Nous croyons aussi que si le gouvernement avait suivi cette route progressive d’amélioration les patriotes n’auraient jamais songé à faire de l’opposition : car, aujourd’hui, il nous semble que tout le monde doit être éclairé sur notre position sociale, et voir que toute la politique consiste à tirer les masses de l’état de misère où elles sont descendues, à les relever et à les encourager par l’instruction, afin qu’elles ne soient plus, par leur crédulité, victimes de l’ambition machiavélique de l’aristocratie ancienne, et cessent d’être exploitées par l’aristocratie financière. Les véritables patriotes ne peuvent avoir d’autre but.

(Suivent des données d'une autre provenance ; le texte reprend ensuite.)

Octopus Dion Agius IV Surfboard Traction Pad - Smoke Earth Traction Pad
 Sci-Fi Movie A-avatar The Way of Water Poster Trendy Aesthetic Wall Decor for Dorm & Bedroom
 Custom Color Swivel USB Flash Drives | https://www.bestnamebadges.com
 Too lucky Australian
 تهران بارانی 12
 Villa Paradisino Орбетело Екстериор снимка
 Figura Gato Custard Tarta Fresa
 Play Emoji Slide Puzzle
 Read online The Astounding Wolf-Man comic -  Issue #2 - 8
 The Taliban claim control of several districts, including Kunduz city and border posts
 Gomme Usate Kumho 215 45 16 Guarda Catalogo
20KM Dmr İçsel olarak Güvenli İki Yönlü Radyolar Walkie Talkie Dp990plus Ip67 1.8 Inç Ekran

Tout en approuvant ce qui nous paraît bon dans le système social du Nouvelliste, nous croyons, étant à même de juger de près, devoir en relever quelques erreurs que le Temps n’avait pas commises ; d’abord, personne ne nous contestera qu’une nombreuse garnison dans une ville manufacturière très-peuplée, ne soit une cause de la cherté des denrées de première nécessité ; cette vérité a été reconnue dans tous les temps. Lyon n’a eu à aucune époque une aussi forte garnison, que celle qu’elle a en ce moment, nous ne savons pourquoi.

Ensuite : tout le monde, dit le Nouvelliste, veut tisser du coton ou de la soie, c’est également une erreur ; car, aujourd’hui, une grande partie des tisseurs sont tellement découragés, qu’ils ne continuent d’exercer cette profession, que parce qu’il leur est moralement impossible d’en changer ; il n’y a que les garçons qui n’ont point d’établissement qui peuvent reprendre l’agriculture.

Quant à la concurrence étrangère, elle n’existe pas pour les trois quarts des produits de nos fabriques, nous l’avons déjà prouvé ; elle n’existe que pour quelques articles unis, et les acheteurs en général, préfèrent encore acheter à Lyon, étant servis promptement, et pouvant completter des assortimens en tous genres. La concurrence qui existe à Lyon n’est que locale : tous les fabricans de bonne foi en conviennent eux-mêmes aujourd’hui, en disant que le mal de notre fabrique est qu’ils sont trop nombreux ; et qu’une partie d’entre-eux n’ayant pas les fonds convenables pour un commerce, sont obligés d’emprunter, et par cette raison, de spéculer sur la misère des ouvriers, et dans des cas pressans qui se représentent trop souvent ; ils sont obligés de vendre au-dessous des prix, ce qui en causant un préjudice immense à leurs confrères, fait baisser les cours ; et on conviendra également avec nous, qu’une semblable concurrence, qui force nos fabriques à exporter nos productions à vil prix, prive notre ville et la France entière, de quelques millions de bénéfices toutes les années. C’est là la plaie qui nous ronge de près, et qui a fait depuis quelques années tomber notre population industrielle dans la misère où elle est plongée. Les idées du Nouvelliste, quelques bonnes qu’elles puissent être, ne sont pas le remède unique applicable à nos maux.

Dieu veuille que les hommes placés au timon des affaires, comprennent une aussi triste position en se [2.2]rappelant quelquefois les moyens employés par le grand homme, pour la faire prospérer, et surtout en rendant l’aisance à la population de notre ville, comme elle la possédait sous son règne.

F...t.

Nous avons reçu sur ce même article du Nouvelliste, des observations par M. Bouvery, que nous n’avons pu insérer dans le présent numéro ; nous ferons en sorte de leur donner place dans le numéro prochain.

Notes de base de page numériques:

1 L’auteur de ce texte est Joachim Falconnet d’après la Table de L’Echo de la Fabrique (numéros parus du 30 octobre 1831 au 30 décembre 1832).
2 Il s’agit probablement du journal Le Nouvelliste [« puis » Journal politique du soir et du matin ; Propagateur des doctrines constitutionnelles] dont la première série fut publiée de février 1832 à juin 1833.